BRIEF: What is needed is the exact text of each line in the listing below from the one with "Produktbild Veova Air Cooler Pro" up to and including the one with "Chapter 20 - halaman 11", and no pictures.

DATA EXTRACTS:
◇ ◇ ◇ ◇ ◇
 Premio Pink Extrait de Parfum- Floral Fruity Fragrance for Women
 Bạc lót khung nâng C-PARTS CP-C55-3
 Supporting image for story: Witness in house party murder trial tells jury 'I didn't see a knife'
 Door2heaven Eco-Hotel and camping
◇ ◇ ◇ ◇ ◇
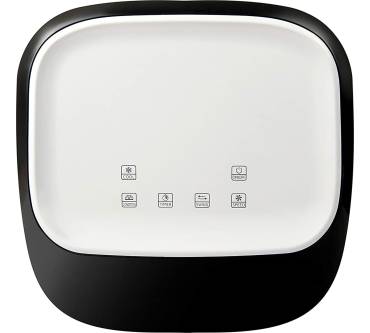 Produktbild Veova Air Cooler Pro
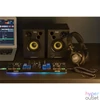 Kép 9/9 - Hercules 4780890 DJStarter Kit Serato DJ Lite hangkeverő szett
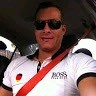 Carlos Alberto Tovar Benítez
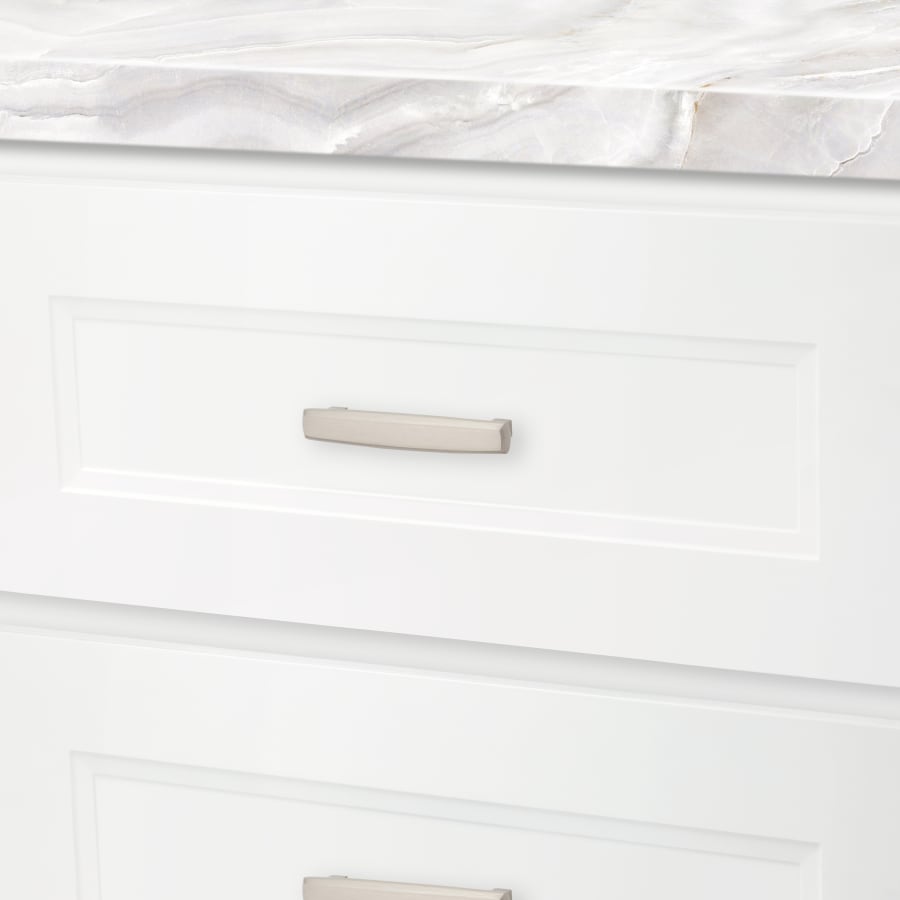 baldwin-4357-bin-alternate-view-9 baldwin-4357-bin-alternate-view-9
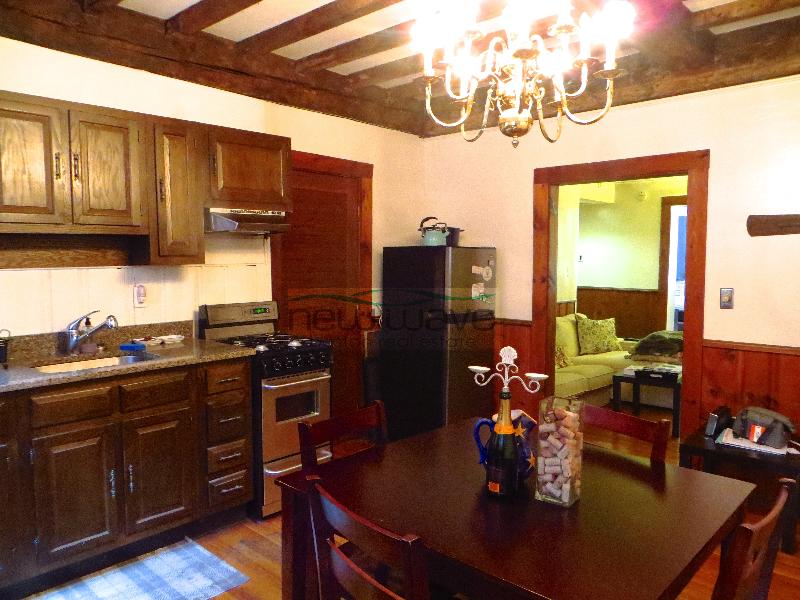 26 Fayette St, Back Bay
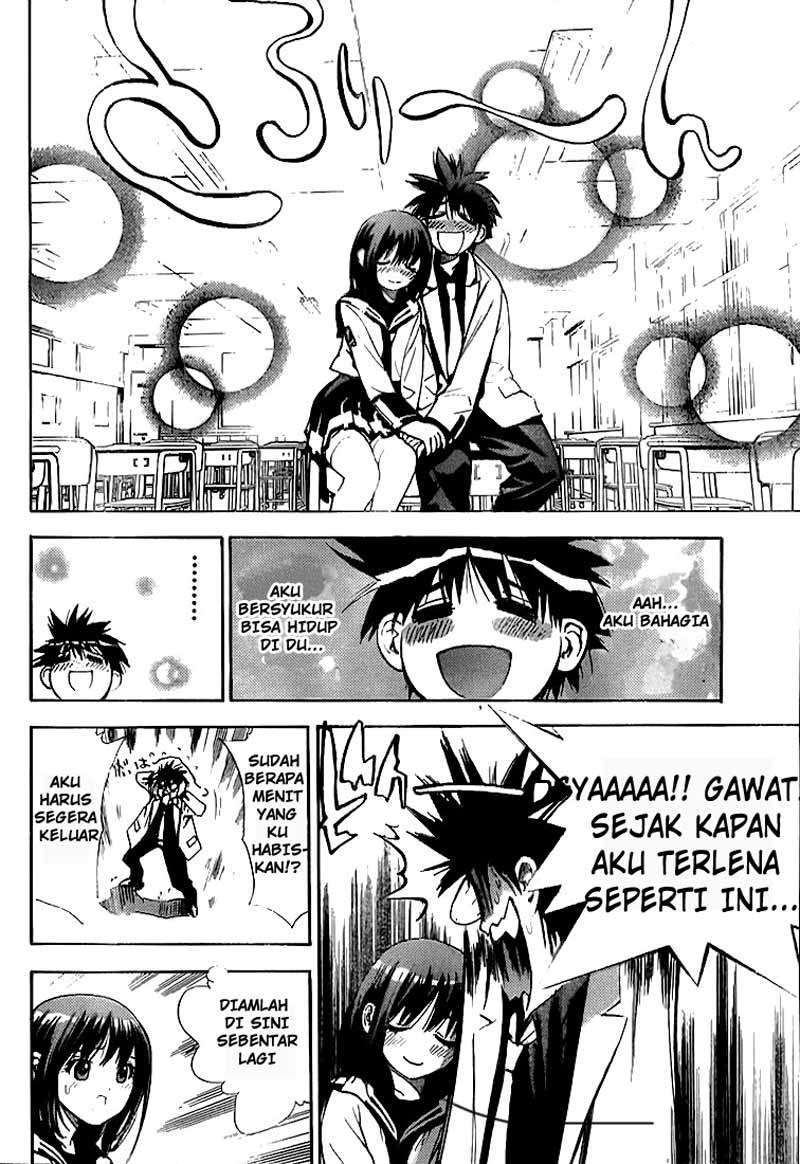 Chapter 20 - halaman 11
◇ ◇ ◇ ◇ ◇
ANSWER:
 Produktbild Veova Air Cooler Pro
 Kép 9/9 - Hercules 4780890 DJStarter Kit Serato DJ Lite hangkeverő szett
 Carlos Alberto Tovar Benítez
 baldwin-4357-bin-alternate-view-9 baldwin-4357-bin-alternate-view-9
 26 Fayette St, Back Bay
 Chapter 20 - halaman 11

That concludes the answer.